This is a single section from Chapter 14. Read the full chapter here.

Who will hold the power to make secondary legislation?

The person delegated a power to make secondary legislation must be appropriate having regard to the importance of the issues and the nature of any safeguards that are in place.

There are no absolute rules as to who should be delegated a power to make secondary legislation. Traditionally, secondary legislation is often made by the Governor-General in Council, on the advice of a Minister, or less commonly, is made by the relevant portfolio Minister(s). A power to make secondary legislation may also be delegated to an official or a Crown entity with the relevant technical expertise and accountability for the area of law, or to a local authority.

Key factors to take into account are the extent of policy or value judgements required, the expertise required of the person making the secondary legislation, the degree of political accountability required (reflected in the importance of the issues in question), and what safeguards would apply as a consequence (for example, disallowance, Cabinet scrutiny, or drafting and certification by the Parliamentary Counsel Office (PCO)).

The more significant the power, the more likely it is that it should be exercised by the Governor-General in Council. That will ensure that a full range of safeguards will apply (including Cabinet scrutiny and drafting and certification by the PCO). The more technical the exercise of the power, or the more limited the group it applies to, the more likely it is to be appropriate for delegation to another agency (see Chapter 18.2, which also deals with this issue).

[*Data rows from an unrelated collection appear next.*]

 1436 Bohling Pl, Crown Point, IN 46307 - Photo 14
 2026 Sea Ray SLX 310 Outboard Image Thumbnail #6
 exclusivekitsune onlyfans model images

In practice, Cabinet is (almost) always involved before the Governor General makes secondary legislation, while the policy contained in secondary legislation made by a Minister is usually noted by Cabinet, if significant, in accordance with the requirements of the Cabinet Manual (see paragraphs 5.11, 5.12 and 5.13).

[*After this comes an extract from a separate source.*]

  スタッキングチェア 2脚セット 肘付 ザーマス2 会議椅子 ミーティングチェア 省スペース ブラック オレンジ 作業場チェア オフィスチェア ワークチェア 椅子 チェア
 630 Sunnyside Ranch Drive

It is unusual to delegate a power to make secondary legislation outside of the Crown or public sector, such as to an industry or private body. In some situations however, (generally coregulatory or occupational regulatory regimes) non-Crown bodies have a recommendatory role in the making of secondary legislation by a Minister or an official, or may make secondary legislation that is conditional on approval by a Minister or an official.[1]

 

[1] See for example, rules made under section 67 of the Registered Architects Act 2005, and approved by the Minister under section 69 of that Act.